• Task brief:
In the data below, reproduce everything exactly except the images.

• The data:
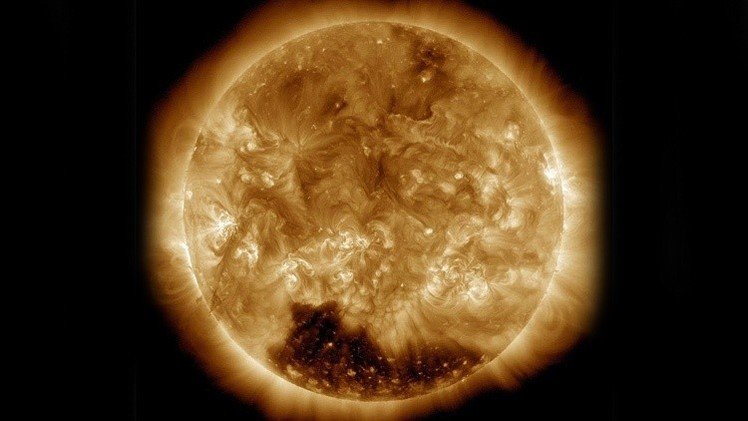 Sorprendente aparición de un enorme agujero en la superficie del Sol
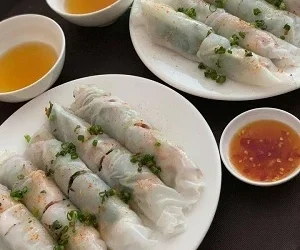 quán bánh cuốn tại Quận 1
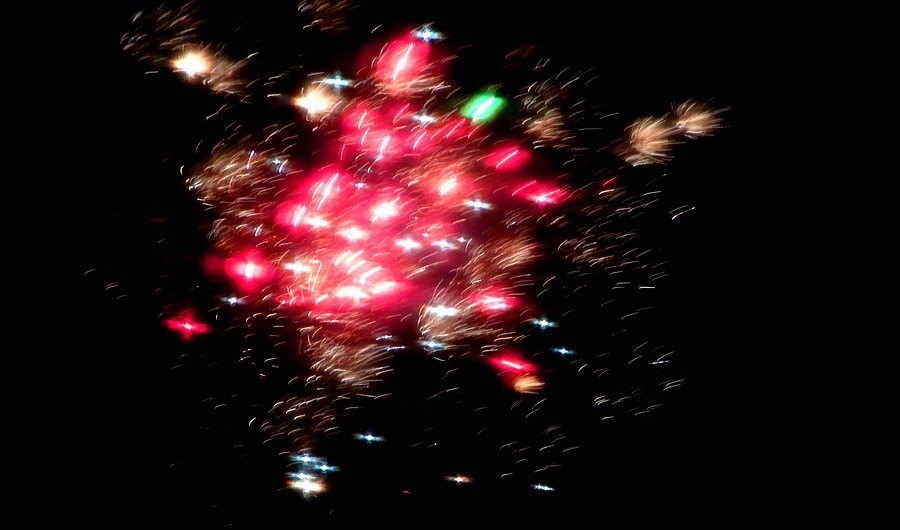 《不老松：纪实摄影》【大美河山系列报導】三游东戴河！ (19)在海边定时定点燃放焰花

• Problem solution:
 Sorprendente aparición de un enorme agujero en la superficie del Sol
 quán bánh cuốn tại Quận 1
 《不老松：纪实摄影》【大美河山系列报導】三游东戴河！ (19)在海边定时定点燃放焰花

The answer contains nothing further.